Winton has long been an outspoken environmentalist. The alarming future he depicts is, quite explicitly, an indictment of all those future-eating fossil-fuel corporations that continue to profit at the expense of humankind. What is intriguing about Juice is the interaction between its unexpected generic elements – which extend beyond dystopian science fiction to militaristic action-adventure scenes – and its introspective qualities.
The narrative structure is important. The opening sequence is reminiscent of Cormac McCarthy’s The Road, crossed with something of the feral junkyard aesthetic of the Mad Max films. The narrator is travelling across an ashen landscape in the company of a young mute girl, trying to avoid capture, only for their luck to run out when they encounter a paranoid hermit with a crossbow, who holds them hostage.

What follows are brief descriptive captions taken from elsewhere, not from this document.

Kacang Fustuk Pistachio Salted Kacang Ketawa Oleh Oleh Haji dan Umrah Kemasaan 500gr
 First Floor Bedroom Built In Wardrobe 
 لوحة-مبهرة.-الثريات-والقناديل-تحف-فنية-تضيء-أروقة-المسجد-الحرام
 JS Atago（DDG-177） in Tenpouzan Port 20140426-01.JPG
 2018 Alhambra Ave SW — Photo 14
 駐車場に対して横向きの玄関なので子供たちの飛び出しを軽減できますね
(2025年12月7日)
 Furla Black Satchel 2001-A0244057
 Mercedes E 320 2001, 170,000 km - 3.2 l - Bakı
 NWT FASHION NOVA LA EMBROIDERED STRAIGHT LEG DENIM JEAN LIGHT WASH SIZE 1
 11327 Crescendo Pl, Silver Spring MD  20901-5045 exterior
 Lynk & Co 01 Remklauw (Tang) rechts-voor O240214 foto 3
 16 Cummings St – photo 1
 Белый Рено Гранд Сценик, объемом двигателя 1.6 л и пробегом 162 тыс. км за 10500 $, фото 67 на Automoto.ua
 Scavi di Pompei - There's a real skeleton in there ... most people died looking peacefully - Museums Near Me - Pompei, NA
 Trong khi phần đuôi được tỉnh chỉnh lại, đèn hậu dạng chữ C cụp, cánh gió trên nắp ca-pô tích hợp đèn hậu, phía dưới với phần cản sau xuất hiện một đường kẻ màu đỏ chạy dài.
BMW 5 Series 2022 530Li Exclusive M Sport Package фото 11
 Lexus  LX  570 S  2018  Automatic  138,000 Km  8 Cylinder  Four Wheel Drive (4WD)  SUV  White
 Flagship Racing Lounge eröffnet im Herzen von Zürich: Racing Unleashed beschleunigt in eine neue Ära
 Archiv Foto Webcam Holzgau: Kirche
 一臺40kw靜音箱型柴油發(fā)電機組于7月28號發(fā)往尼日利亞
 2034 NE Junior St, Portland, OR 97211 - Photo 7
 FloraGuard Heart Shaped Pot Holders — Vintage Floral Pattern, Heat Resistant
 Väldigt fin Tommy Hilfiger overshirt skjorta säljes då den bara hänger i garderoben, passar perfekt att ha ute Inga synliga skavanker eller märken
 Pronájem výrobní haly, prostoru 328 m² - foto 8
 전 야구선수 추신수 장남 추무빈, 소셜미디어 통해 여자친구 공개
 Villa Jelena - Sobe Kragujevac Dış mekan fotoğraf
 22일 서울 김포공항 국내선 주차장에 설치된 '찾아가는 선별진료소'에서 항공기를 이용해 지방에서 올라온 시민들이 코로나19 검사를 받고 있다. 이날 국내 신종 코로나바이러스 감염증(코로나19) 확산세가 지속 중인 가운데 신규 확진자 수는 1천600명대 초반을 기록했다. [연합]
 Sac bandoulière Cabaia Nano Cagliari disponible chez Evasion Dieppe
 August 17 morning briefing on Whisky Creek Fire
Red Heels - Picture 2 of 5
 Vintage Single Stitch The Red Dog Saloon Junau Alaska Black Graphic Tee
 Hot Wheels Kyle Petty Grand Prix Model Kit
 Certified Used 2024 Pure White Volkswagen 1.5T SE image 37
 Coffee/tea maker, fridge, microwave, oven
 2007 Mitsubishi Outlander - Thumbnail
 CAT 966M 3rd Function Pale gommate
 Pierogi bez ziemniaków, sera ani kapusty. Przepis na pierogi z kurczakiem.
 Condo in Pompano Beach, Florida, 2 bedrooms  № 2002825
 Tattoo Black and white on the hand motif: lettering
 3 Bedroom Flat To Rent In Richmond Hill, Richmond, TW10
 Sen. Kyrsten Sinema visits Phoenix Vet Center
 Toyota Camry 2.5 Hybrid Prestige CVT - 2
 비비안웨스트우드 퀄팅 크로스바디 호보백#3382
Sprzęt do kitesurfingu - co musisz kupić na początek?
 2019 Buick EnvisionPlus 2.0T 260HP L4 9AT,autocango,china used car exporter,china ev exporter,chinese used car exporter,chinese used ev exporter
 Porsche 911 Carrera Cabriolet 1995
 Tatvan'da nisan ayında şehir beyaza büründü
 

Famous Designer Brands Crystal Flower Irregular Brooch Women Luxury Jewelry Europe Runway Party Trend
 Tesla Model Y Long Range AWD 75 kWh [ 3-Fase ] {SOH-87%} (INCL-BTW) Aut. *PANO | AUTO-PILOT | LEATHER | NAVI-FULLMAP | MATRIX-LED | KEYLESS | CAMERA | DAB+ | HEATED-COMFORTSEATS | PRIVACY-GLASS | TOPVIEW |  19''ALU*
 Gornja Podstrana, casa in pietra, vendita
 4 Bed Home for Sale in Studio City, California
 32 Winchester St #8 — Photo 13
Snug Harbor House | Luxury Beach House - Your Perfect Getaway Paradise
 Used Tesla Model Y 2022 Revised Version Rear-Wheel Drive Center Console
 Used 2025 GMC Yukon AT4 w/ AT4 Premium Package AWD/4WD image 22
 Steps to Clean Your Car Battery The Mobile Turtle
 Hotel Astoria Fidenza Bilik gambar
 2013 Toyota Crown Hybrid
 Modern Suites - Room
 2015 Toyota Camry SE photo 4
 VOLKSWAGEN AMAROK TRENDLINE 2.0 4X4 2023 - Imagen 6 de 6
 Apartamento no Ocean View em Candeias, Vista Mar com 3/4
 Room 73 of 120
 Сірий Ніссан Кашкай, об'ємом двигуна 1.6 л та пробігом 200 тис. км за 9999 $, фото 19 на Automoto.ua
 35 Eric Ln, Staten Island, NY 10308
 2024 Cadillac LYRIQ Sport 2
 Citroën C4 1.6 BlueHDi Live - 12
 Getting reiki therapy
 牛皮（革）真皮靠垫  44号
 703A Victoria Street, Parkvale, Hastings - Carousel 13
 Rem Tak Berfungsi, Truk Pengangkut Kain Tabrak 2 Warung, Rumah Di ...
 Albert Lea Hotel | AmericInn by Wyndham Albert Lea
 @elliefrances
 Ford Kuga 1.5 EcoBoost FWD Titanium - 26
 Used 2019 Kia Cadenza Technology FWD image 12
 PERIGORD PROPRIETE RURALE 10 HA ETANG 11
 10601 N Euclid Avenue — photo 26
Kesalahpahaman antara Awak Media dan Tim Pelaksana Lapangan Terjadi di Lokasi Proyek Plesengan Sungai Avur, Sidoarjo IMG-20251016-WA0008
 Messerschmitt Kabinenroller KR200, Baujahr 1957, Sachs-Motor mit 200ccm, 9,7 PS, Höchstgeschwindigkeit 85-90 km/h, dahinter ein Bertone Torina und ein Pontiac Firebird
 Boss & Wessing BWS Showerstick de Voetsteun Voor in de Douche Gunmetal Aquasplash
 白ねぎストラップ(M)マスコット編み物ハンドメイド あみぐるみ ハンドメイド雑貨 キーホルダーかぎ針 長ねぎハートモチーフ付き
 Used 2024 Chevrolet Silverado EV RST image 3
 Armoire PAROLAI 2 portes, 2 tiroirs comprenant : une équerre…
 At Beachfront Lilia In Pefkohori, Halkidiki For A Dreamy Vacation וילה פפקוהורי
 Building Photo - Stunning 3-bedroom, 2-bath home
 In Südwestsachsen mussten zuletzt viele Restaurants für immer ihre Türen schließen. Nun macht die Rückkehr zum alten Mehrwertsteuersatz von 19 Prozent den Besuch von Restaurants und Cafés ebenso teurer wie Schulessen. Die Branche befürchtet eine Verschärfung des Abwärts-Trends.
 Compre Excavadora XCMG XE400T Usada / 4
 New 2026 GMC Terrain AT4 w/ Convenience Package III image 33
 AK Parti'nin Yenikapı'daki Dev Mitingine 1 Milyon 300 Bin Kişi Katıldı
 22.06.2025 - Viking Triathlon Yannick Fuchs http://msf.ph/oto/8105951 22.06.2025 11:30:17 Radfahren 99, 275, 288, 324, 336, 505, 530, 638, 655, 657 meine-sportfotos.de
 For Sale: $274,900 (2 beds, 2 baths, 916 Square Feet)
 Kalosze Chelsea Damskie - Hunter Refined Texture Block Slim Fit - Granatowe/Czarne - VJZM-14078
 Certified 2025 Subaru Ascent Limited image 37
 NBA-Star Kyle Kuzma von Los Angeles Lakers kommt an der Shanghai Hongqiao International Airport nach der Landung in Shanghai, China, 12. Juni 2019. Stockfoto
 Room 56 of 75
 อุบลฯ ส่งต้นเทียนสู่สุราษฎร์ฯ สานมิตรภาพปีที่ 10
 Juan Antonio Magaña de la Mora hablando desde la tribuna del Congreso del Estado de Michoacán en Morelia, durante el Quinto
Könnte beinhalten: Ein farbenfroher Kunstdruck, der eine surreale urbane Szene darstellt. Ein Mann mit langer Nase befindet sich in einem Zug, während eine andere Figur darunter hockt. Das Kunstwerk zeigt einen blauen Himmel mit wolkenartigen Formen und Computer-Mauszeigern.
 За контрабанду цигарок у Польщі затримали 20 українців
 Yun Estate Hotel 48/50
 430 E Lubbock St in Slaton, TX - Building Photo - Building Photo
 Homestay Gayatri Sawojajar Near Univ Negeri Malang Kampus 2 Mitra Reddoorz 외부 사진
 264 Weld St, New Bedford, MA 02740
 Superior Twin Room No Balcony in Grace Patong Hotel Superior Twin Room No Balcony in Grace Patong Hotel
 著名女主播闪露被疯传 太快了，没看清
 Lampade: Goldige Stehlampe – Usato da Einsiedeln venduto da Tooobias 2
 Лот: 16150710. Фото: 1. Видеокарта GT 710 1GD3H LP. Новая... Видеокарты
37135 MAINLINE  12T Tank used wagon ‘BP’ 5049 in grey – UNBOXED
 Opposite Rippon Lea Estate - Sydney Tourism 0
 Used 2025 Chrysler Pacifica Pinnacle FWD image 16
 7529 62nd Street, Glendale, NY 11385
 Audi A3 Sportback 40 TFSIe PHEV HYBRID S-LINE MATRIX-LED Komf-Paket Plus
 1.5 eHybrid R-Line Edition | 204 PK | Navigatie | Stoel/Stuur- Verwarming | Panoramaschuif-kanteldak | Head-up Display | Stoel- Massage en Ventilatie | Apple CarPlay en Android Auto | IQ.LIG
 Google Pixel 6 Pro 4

Sensing the “bowman” has a connection to the militant organisation he once belonged to, the narrator tries to win his trust – or at least stall him until they can escape – by recounting his entire life story.
The Scheherazade set-up licenses the narrator’s soul-searching, but also ironises it. The bowman, who understands perfectly well that his prisoner is trying to blag his way out of trouble, interrupts periodically to cast doubt on the story and accuse the narrator of being a windbag. The more significant effect of the confessional mode is that it turns the novel in on itself. As the narrator tells the dramatic story of his recruitment into an underground network fighting a guerilla war against the perpetrators of the global catastrophe, he expresses qualms about the organisation’s ruthless tactics and reflects on the way his radicalisation drew him away from his domestic responsibilities.
Cli-fi is a relatively new genre; its characteristics are still evolving. But it has a defining formal problem – namely, how to square the fact that global warming is occurring on a scale incommensurate with the small dramas of individual lives, when the latter are the humanistic foundations of the novel form. This is why so much cli-fi turns to science fiction, fantasy, magic realism, the broad strokes of genre fiction – anything that throws the issue into relief, casts our minds beyond everyday concerns and forces us to think structurally and collectively.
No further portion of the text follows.